In fondo, alla fine, Gale ed io l’abbiamo trovato: l’infinito.

 

Note.

Questa storia era nata parecchi mesi fa per partecipare un contest sulla friendzone (*fa pat-pat sulla spalla a Gale), ma come tre quarti circa delle cose che inizio, non mi sono mai decisa a concluderla. Questa settimana, però, è saltata fuori una still Everthorne bellissima che mi ha fatto battere forte il cuoricino e mi è venuta voglia di provare a rimetterci sopra le mani. Nel contest bisognava inserire una o più citazioni della saga, ecco uno dei motivi per cui nell’ultima parte è presente quella ricostruzione dell’epilogo di Mockingjay.

L’idea mi è venuta principalmente perché sono secoli che sogno di far pasticciare qualcosa nel cielo da Gale sul suo aereo e rimuginando sulle scie bianche lasciate al passaggio di un aereo, mi sono venute in mente le rette parallele.

Per quanto riguarda le ultime due scene della storia, Rowan e Haley sono i nomi che ho scelto per i figli di Katniss e Peeta. Joel, invece, è un OC, il figlioletto che Gale ha avuto con una donna di nome Sapheen, conosciuta all’Accademia di Aeronautica Militare che ha frequentato nel D2 (lei era uno dei suoi superiori). Nel mio head-canon, quando Joel compie otto anni circa, Gale torna per la prima volta nel Distretto 12 per mantenere una promessa fatta a suo padre (e a Katniss) da ragazzo, e qui si riconcilia con Katniss. Decide infine di trasferirsi nuovamente assieme a Joel e a Johanna Mason (con cui ha una relazione) nel D12. Ma questa è un’altra storia. E niente, sto già soffrendo al pensiero di come mi si accartoccerà il cuoricino quando uscirà Mockingjay parte due. Mando un abbraccio virtuale a tutti i poveri sostenitori del nostro cacciatore/soldato preferito (e magari anche un abbraccio doppio alle fan del Fannie, che usciranno dal cinema provate come me!)

 

Laura

 

 



[1] Nelle mie storie, specialmente in Checkmate, Rory è un grandissimo appassionato di scacchi. La passione gli è stata trasmessa dal Babbo, Joel. Gli piacciono anche per via del suo nome, che significa letteralmente “Re Rosso”.

[2] "La struttura alare del calabrone, in relazione al suo peso, non è adatta al volo, ma lui non lo sa e vola lo stesso." (Albert Einstein)

[3] Ovviamente qui Katniss si riferisce alle mitiche Frecce Tricolore italiane. È davvero difficile che ne abbia sentito parlare, ma mi piaceva un sacco l’idea di chiamare anche gli aerei di Panem “Frecce”, visti i trascorsi!

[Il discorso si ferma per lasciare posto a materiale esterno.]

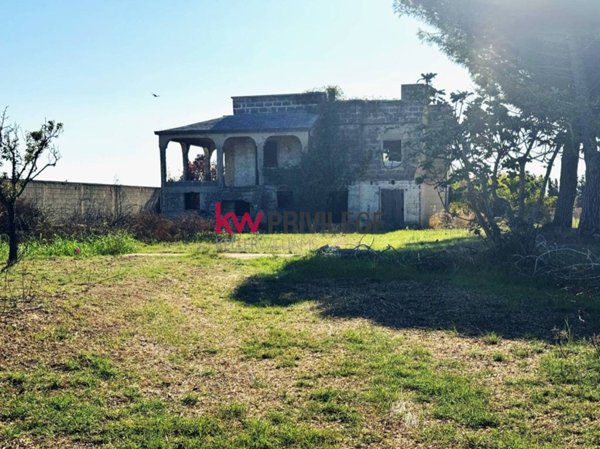 casa indipendente in vendita a Brindisi in zona Santa Maria del Casale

[4] Nel mio head-canon, Gale si trasferisce nel Distretto 2 per frequentare un’Accademia di Aeronautica militare. Diventa prima pilota militare e, in seguito, pilota di linea.

[5] Nelle mie storie il 4 è il numero portafortuna della famiglia Hawthorne, una tradizione che i quattro hanno ereditato dal padre Joel. A conferma di questa tradizione c’è il fatto che gli Hawthorne abbiano avuto quattro figli, tutti da nomi con quattro lettere.

[6] Tutta questa parte è una rivisitazione dell’epilogo del “Canto della Rivolta”. La versione originale è la medesima: Giocano nel Prato. “La bimba con i capelli scuri e gli occhi azzurri sta ballando. Il maschietto con i riccioli biondi e gli occhi grigi si sforza di starle dietro sulle gambe paffute che muovono i primi passi. Mi ci sono voluti cinque, dieci, quindici anni per dire di sì. Ma Peeta li desiderava tanto. La prima volta che l’ho sentita muoversi dentro di me, sono stata letteralmente divorata da un terrore che pareva antico quanto la vita stessa. Solo la gioia di tenerla tra le braccia è riuscita a domarlo. Aspettare lui è stato un po’ più facile. Non molto, però. Le domande stanno appena iniziando.”